Which left Claire and Tyler alone.

“All right, get ready. I’m going to tell you a story,” Tyler said, stretching back on the quilt and putting his hands behind his head.

Claire was sitting on a separate quilt, but she was close enough to be able to look down at him. This was a secret she knew about
him
, she realized. She knew what he looked like under her. “What makes you think I want to hear a story?”

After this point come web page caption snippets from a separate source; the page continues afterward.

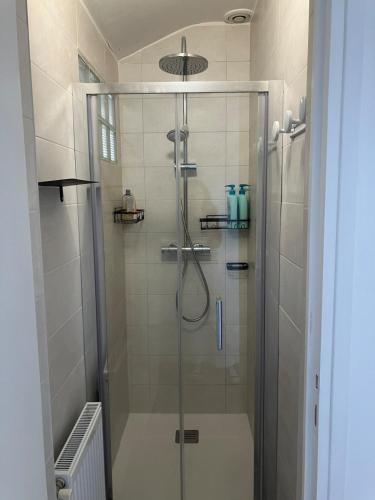 une douche avec une porte vitrée dans une salle de bain dans l'établissement Havre de paix près de Pau, à Billère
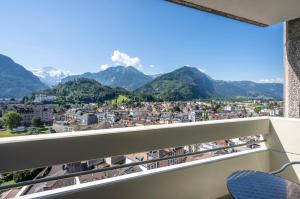 a balcony with a view of a city and mountains at Metropole Swiss Quality Hotel in Interlaken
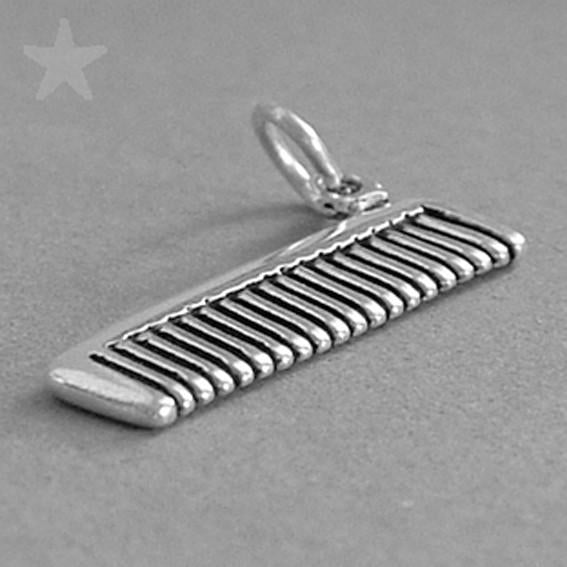 Sterling silver hair comb charm on a grey background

“It’s either that or talk to me. I’m guessing you would rather hear the story.”

“Tyler, it’s just that—”

“Here’s the story. When I was a teenager, going to the local pool was a big deal, particularly to the kids in the colony, because we were a good ten miles from town and pretty secluded. There was a girl I knew from school named Gina Paretti. When she developed, the boys were never the same. She would pass us in the hallways and literally take our words. We couldn’t talk for days. Gina spent every day at the pool in the summer, so when I was sixteen I went every day I could, just to stare at her in her bikini. It was toward the end of the summer when I decided to go for it. I couldn’t take it anymore. I’d fantasized about her for months. I couldn’t eat. I couldn’t sleep. I had to talk to her. I jumped into the pool and did some laps in front of her, manly stuff, before I got out and walked over to her. So there I was, standing in front of her, deliberately blocking out the sun and dripping on her, because I was still young enough to think that annoying a girl was a legitimate way of telling her I liked her. She finally opened her eyes and looked up at me…
and screamed
. It seems my shorts had fallen waaaaay past my hips when I had pulled myself out of the water. So I was standing there, flashing her. I was almost arrested.”

Claire wasn’t expecting that, and she laughed. It felt good to laugh—strange, but good. “That must have been horrible.”

“Not really. Three days later, she asked me out. Come to think of it, after that I received a lot of attention from girls who had been at the pool that day,” he said, preening.

“Is that true?”

He winked at her. “Does it matter?”

She laughed again. “Thank you for that.”

“My humiliations are yours for the asking.”

“Humiliating or not, it was a normal thing. You were a normal teenager. You spent your summers at a pool. You’ve probably even been to a lovers’ lane. You and Sydney would have gotten along.”

“You weren’t a normal teenager?”

“No,” she said simply, and it couldn’t have come as a surprise to him. “Henry was the same way. We were the kids who embraced our legacies young.”

Tyler sat up on his elbows, his eyes going to the edge of the water where Henry and Sydney were watching Bay. Someone on the beach called to Sydney. Sydney said something to Henry and he nodded, then she walked to a nearby gathering of women to talk. “Do you mind your sister dating him?”

“She’s not dating him. But why would I mind?” She said this almost defensively, not wanting him to know how much she was still struggling with Sydney spending so much time with Henry. That night in the garden was weakness. She was stronger than that.

“I guess I just don’t want you to be disappointed. It’s a difficult position, being interested in someone not interested in you.”

“Oh,” Claire said, realizing she’d misunderstood what he meant. “I’m not interested in Henry.”